En outre, la mesure que vous nous proposez en matière de REI est rétroactive,
compte tenu du décalage de deux ans pour l'imposition à la taxe professionnelle
: ainsi, une entreprise qui aurait investi en 1998 dans l'espoir de bénéficier
de la REI à 50 % ne disposerait plus d'aucune réduction en l'an 2000
lorsqu'elle acquitterait la taxe professionnelle sur les bases
correspondantes.
Notre amendement est mesuré, puisqu'il prévoit de pérenniser la réduction pour
embauche et investissement à la moitié de son montant actuel. Mais il paraît
nécessaire de bien prévoir ce maintien à 25 % et d'éviter la suppression de la
REI à partir de l'an 2000.
M. le président.
La parole est à M. Fréville, pour défendre l'amendement n° I-86.
M. Yves Fréville.
Je m'associe, naturellement, à l'argumentation de M. le rapporteur général. Je
citerai simplement un exemple pour illustrer la situation.

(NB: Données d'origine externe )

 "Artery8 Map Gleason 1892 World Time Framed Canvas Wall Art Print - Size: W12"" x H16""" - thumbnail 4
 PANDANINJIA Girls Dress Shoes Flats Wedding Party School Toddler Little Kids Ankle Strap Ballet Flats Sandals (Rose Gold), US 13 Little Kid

Prenons le cas d'une entreprise qui achète une machine de 1 million de francs.
Compte tenu de la réduction de ses bases de 16 % et de l'intégration de cette
machine pour 16 % de sa valeur, sa base augmentera de 135 000 francs. Si elle
est située dans une commune où le taux moyen, toutes collectivités confondues,
s'élève à 25 %, elle aura à payer 33 000 francs de plus. C'est la raison pour
laquelle la REI avait été organisée de façon à assurer un lissage du
dispositif.
Dans la mesure où le rapporteur général et moi-même acceptons la moitié de la
réduction, vous pourriez au moins faire en sorte que l'entreprise qui investit
et qui n'a pas immédiatement le rendement de son investissement - il faut
compter deux ou trois ans pour parvenir à tourner à plein régime - puisse
bénéficier de cette réduction, monsieur le secrétaire d'Etat.

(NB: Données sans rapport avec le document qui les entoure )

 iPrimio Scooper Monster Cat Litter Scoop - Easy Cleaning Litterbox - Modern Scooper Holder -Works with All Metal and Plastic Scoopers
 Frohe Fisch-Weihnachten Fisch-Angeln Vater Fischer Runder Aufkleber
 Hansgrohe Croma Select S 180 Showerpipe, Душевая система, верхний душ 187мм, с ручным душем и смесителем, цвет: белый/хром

Si tel n'était pas le cas, j'en arriverais à croire que c'est simplement pour
récupérer 1,5 milliard de francs - chiffre qui figure dans les voies et moyens
- que cette mesure a été adoptée.
M. le président.
La parole est à Mme Bergé-Lavigne, pour défendre l'amendement n° I-245
rectifié.
Mme Maryse Bergé-Lavigne.
Compte tenu de l'adoption de l'amendement n° I-26, je retire cet amendement n°
I-245 rectifié, ainsi que les amendements n°s I-247, I-248, I-249 et, surtout,
I-250, qui proposaient des modalités de calcul de la compensation. Ces
modalités, tout à fait raisonnables, ont été présentées fort brillamment par
Michel Charasse.
M. le président.
L'amendement n° I-245 rectifié est retiré.
Quel est l'avis du Gouvernement sur les amendements identiques n°s I-31 et
I-86 ?
M. Christian Sautter,
secrétaire d'Etat.
Il s'agit de la réduction pour embauche et
investissement.
Le Gouvernement, qui propose un dispositif durable de suppression de la base
salariale de la taxe professionnelle, ne voit pas l'intérêt de conserver des
dispositions transitoires. C'est pourquoi, en bonne logique, il a supprimé
cette réduction pour embauche et investissement. Par conséquent, il est
défavorable aux amendements identiques n°s I-31 et I-86.
Je souligne, pour les très grands spécialistes que vous êtes, que, dans le
système actuel, cette réduction pour embauche et investissement est mal
compensée par l'Etat. Par conséquent, à partir du moment où les entreprises
perdront complètement le bénéfice de la réduction pour embauche et
investissement, il me semble que les collectivités locales pourront y gagner un
peu. Mais l'essentiel n'est pas là ! L'essentiel est que la suppression de la
réduction de taxe professionnelle pour embauche et investissement fait partie
de l'équilibre même de la réforme que propose le Gouvernement.
M. le président.
Personne ne demande la parole ?...
Je mets aux voix les amendements identiques n°s I-31 et I-86, repoussés par le
Gouvernement.
(Les amendements sont adoptés.)
M. le président.
Je suis maintenant saisi de deux amendements identiques.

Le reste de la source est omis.